Instructions for the task
What you write should be an exact repeat of the lines from the one with "So here's the" through the final line below, minus the pictures.

Source data
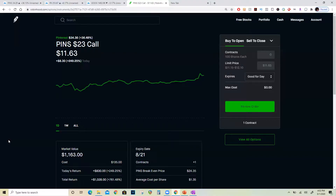What's up, you guys, it's Paul here. In this video, I'm going to show you exactly how I made a 761% profit on a Pinterest call option and how you can create options around earnings on a particular stock to achieve exponential returns like this overnight.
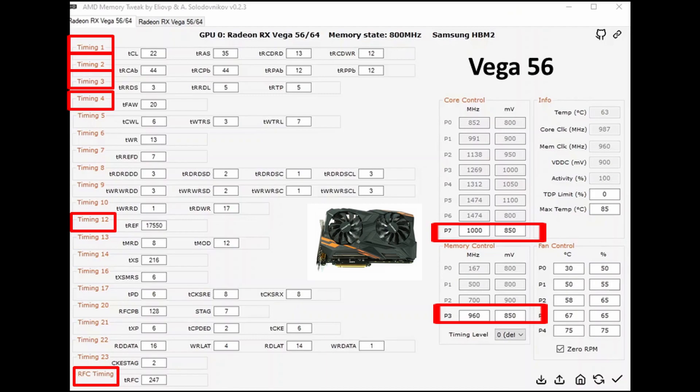So here's the Vega 56 settings. Basically I've changed the numbers for timings 1, 2, 3 and 4, timings 12 and the RFC timing, but you can see what they've been all changed to.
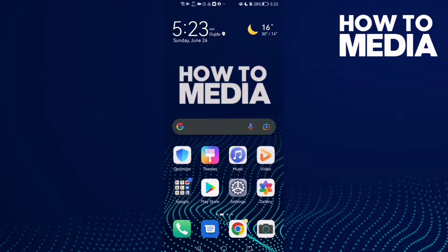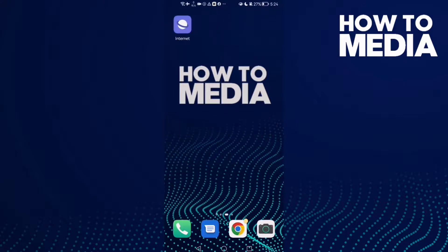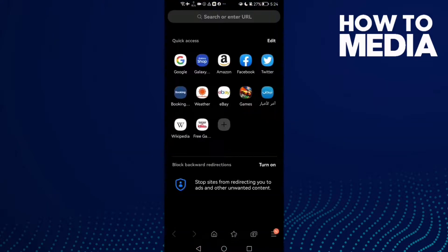How to use DuckDuckGo search engine on Samsung Internet Browser. Hello guys, in today's video I'm going to show you how to use DuckDuckGo search engine on Samsung Internet Browser. First, open the browser and click these three lines in the bottom corner.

Solution to the exercise
So here's the Vega 56 settings. Basically I've changed the numbers for timings 1, 2, 3 and 4, timings 12 and the RFC timing, but you can see what they've been all changed to.
How to use DuckDuckGo search engine on Samsung Internet Browser. Hello guys, in today's video I'm going to show you how to use DuckDuckGo search engine on Samsung Internet Browser. First, open the browser and click these three lines in the bottom corner.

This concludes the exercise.